All over the world, indigenous peoples have adapted their lifestyles to local environmental conditions. The structures they build are the product of both a builder's reliance on and knowledge of local resources. They use that which is readily available for building materials, and their architectural designs are the product of the function they serve and the environment in which they live. For example, the Navajo use adobe blocks made of clay, which offer superior insulation and waterproofing properties, to construct their homes in the southwestern deserts.
The igloo, derived from the Inuit word igdlu, meaning "house," was a Canadian Inuit adaptation. In sub-zero winters, Arctic people could not rely on their caribou- and seal-skin tents. Whether a hunter needed a temporary overnight shelter, or a family needed a semi-permanent dwelling, they made use of the most readily available resource—snow. The best snow for building an igloo had been blown by wind and compacted, allowing ice crystals to interlock. The only building tool required was a knife about a foot long, made of caribou antler or ivory. Using an ingenious and time-honored technique, whereby blocks were laid down row upon row, in tighter and tighter circles, a livable igloo could be built in only a few hours.

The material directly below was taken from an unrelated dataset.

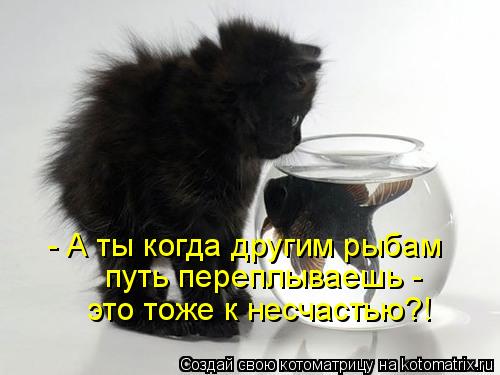 - А ты когда другим рыбам путь переплываешь - это тоже к несчастью?!... Котоматрица: - А ты когда другим рыбам путь переплываешь - это тоже к несчастью?!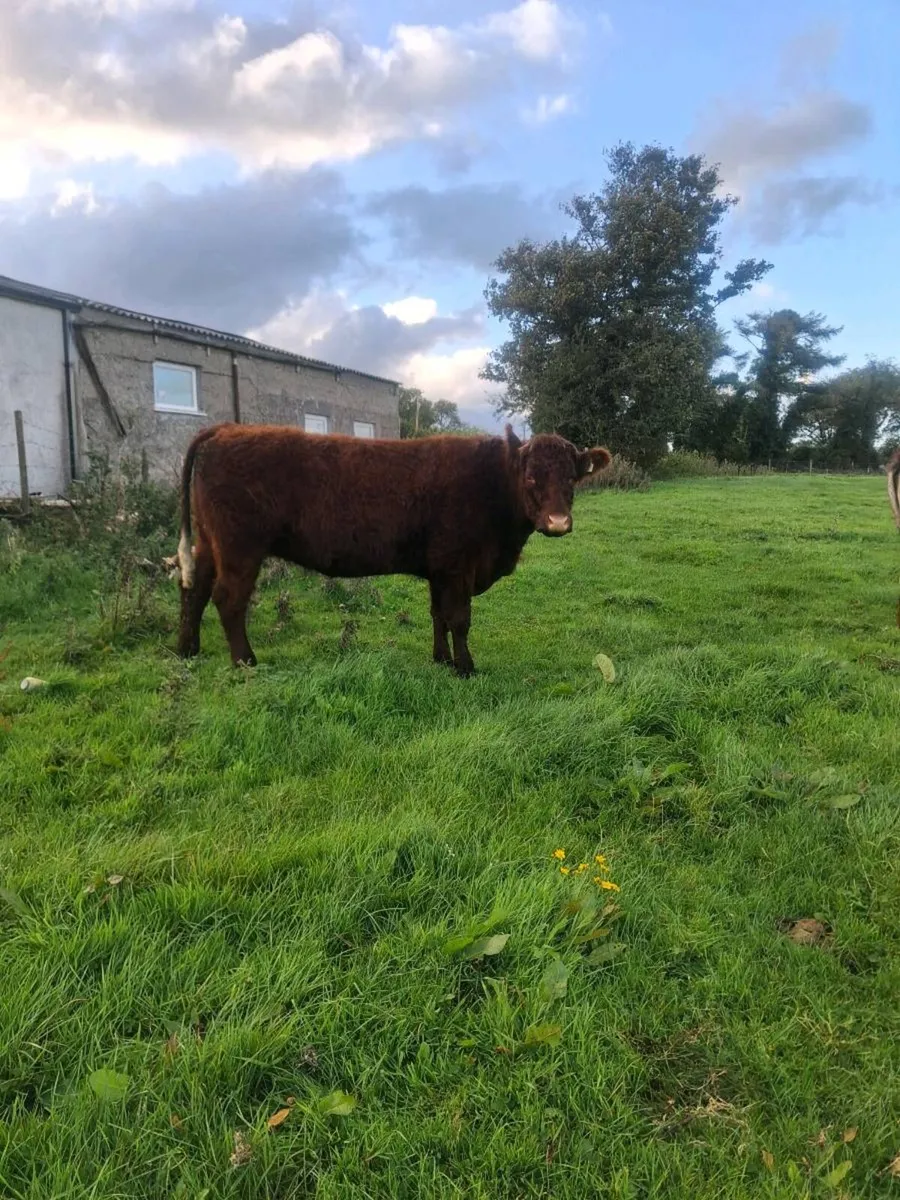 5 ⭐️ Pbnr  saler incalf heifer - Image 1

An igloo derived its strength to withstand whipping winds and potential polar bear attacks from an inherently strong shape: the dome. As an igloo settled in the snow, it compressed slightly and became stronger. The shape also served to trap warm air generated by body heat or a cooking fire. A small opening at the top allowed some of the heat and smoke to escape.
Because of snow's excellent insulating properties, the temperature inside an igloo could reach about 65°F warmer than the outside air. The igloo actually benefited from some melting, because when melted snow refroze, it formed a thin, hard shell. Moreover, the tiny snow-filled spaces between the blocks also froze, binding the structure more tightly together.